Ma i mercati alternativi più promettenti quali sono?
«Lo stock del nostro export, su 7 milioni di bottiglie, è tra il 30 e il 40%. Il Nord Europa tiene bene, mentre la Germania è in stagnazione. La Cina avrebbe grandi potenzialità, ma non è costante, non dà garanzie di continuità di acquisti, bisogna fare un intervento ancora più approfondito di promozione. Anche il Sud Est asiatico potrebbe essere molto interessante, i nostri vini, per le caratteristiche che hanno, si abbiano bene con la cucina di Vietnam, Thailandia, Malesia. Ma è necessario ancora tanto lavoro».
L’Italia, nonostante sia alle prese con i consumi in calo delle famiglie, ha tenuto bene, vero?
«La tendenza a preferire i vini bianchi continua, in questo siamo un po’ avvantaggiati. Il Collio ha da sempre un rapporto preferenziale con le regioni del Nord Est e siamo ben posizionati nelle grandi città come Milano, Roma, Firenze e Napoli, le nostre piazze più rilevanti. Emilia Romagna, Lombardia e Veneto sono le regioni dove si bevono più vini del Collio, oltre naturalmente al Friuli Venezia Giulia».
La vendemmia 2025 è stata positiva: un buon viatico per il 2026. Che anno vi aspettate dal punto di vista commerciale?

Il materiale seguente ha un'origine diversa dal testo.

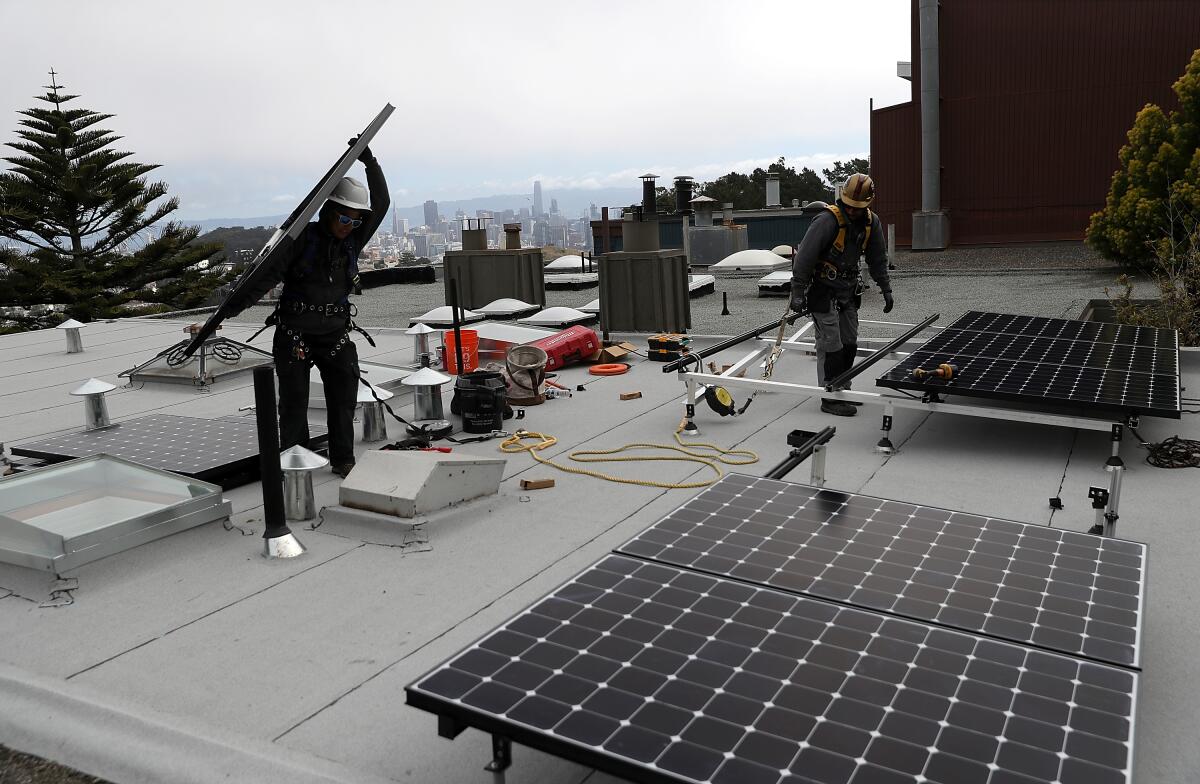 Workers install solar panels on the roof of a home on May 9, 2018 in San Francisco, California. 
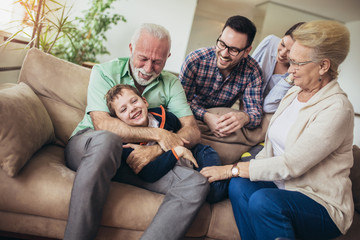 Portrait of a three generation family spending time together at home.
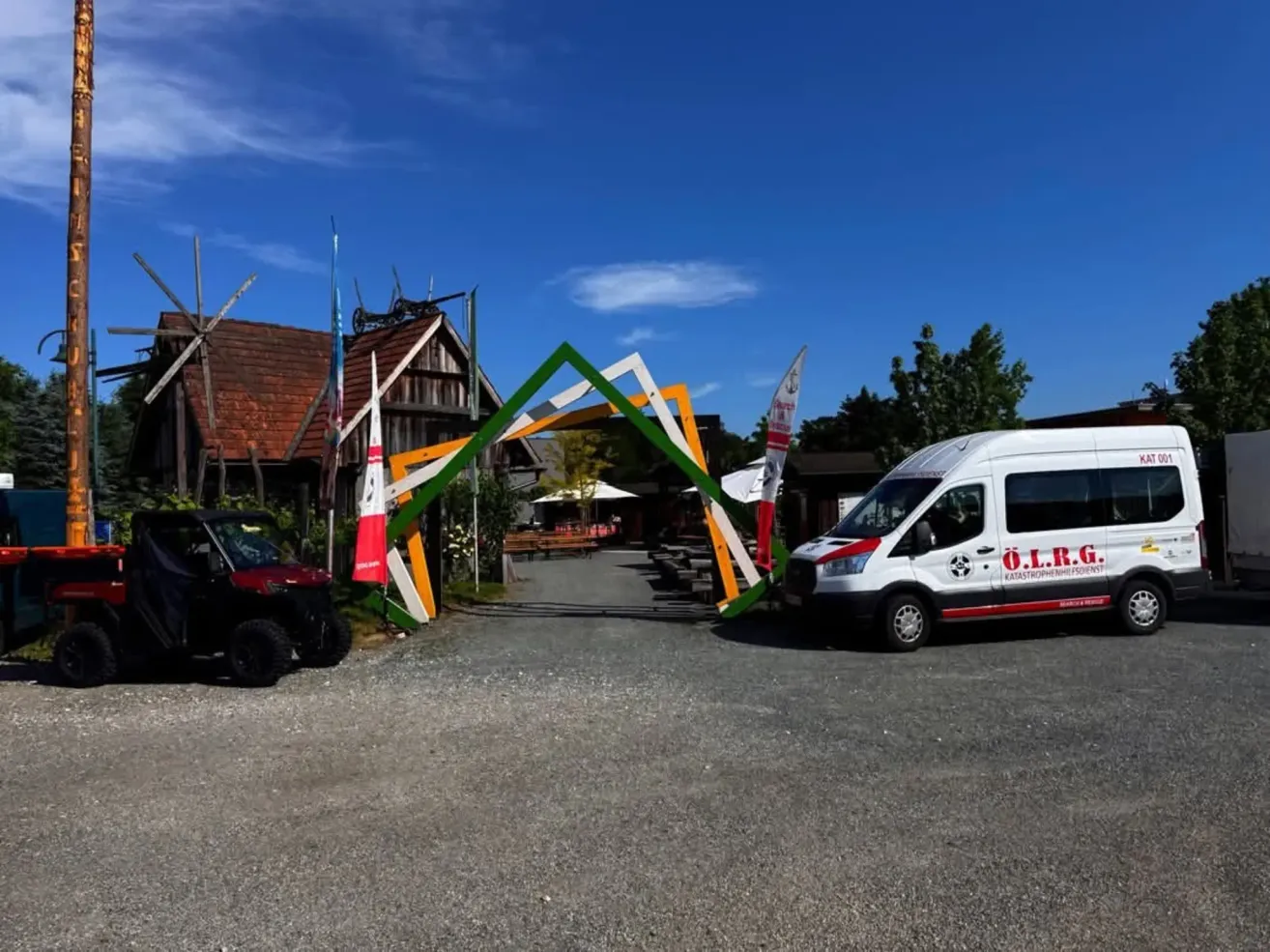 Ein farbenfroher Bogeneingang in ein ländliches Gebiet mit einem geparkten Van und einem Fahrzeug, einem Haus mit Flaggen und einem bewölkten Himmel.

«A livello quantitativo è stata un’annata ottima rispetto al 2023 e al 2024 che erano state povere, siamo tornati quasi alla normalità. La qualità, invece, è eccellente nel solco della tradizione di questi territori. Il vino che potrebbe essere sempre più premiato è il Friulano, per le sue caratteristiche. Nel 2026 vediamo ancora incertezze evidenti, ma vogliamo essere fiduciosi. Sicuramente il vantaggio che abbiamo è quello di avere un territorio compatto e piccolo per poter essere gestito in maniera ordinata ed efficace».
L’alluvione di poche settimane fa ha complicato le cose...
«Ci siamo mossi subito per fornire più dati possibile alla Regione riguardo i danni, per avere un quadro complessivo e definitivo. Cedimenti, frane e smottamenti hanno riguardano quasi sempre parti di vigneti, non impianti completi. Alcuni terreni sono stati devastati dall’esondazione dello Judrio, ma è un caso limite. Bisogna comunque aspettare che il terreno sia più asciutto per poter agire e rimettere a posto quanto è stato rovinato. Attendiamo uno stanziamento di fondi regionali, ma intanto provvediamo noi. Due aziende, Borgo del Tiglio e Zorzon, sono le più colpite. Abbiamo attivato e aperto un conto corrente solidale i cui proventi destineremo a chi ha più bisogno».
Cambiamento climatico e ambiente fragile: è stato fatto tutto ciò che si poteva sul Collio?
«Quando cadono 300 millimetri di pioggia in una notte, ovvero un quinto delle precipitazioni annuali, è molto probabile che avvengano disastri. Vogliamo confrontarci con Regione e soci sulle criticità».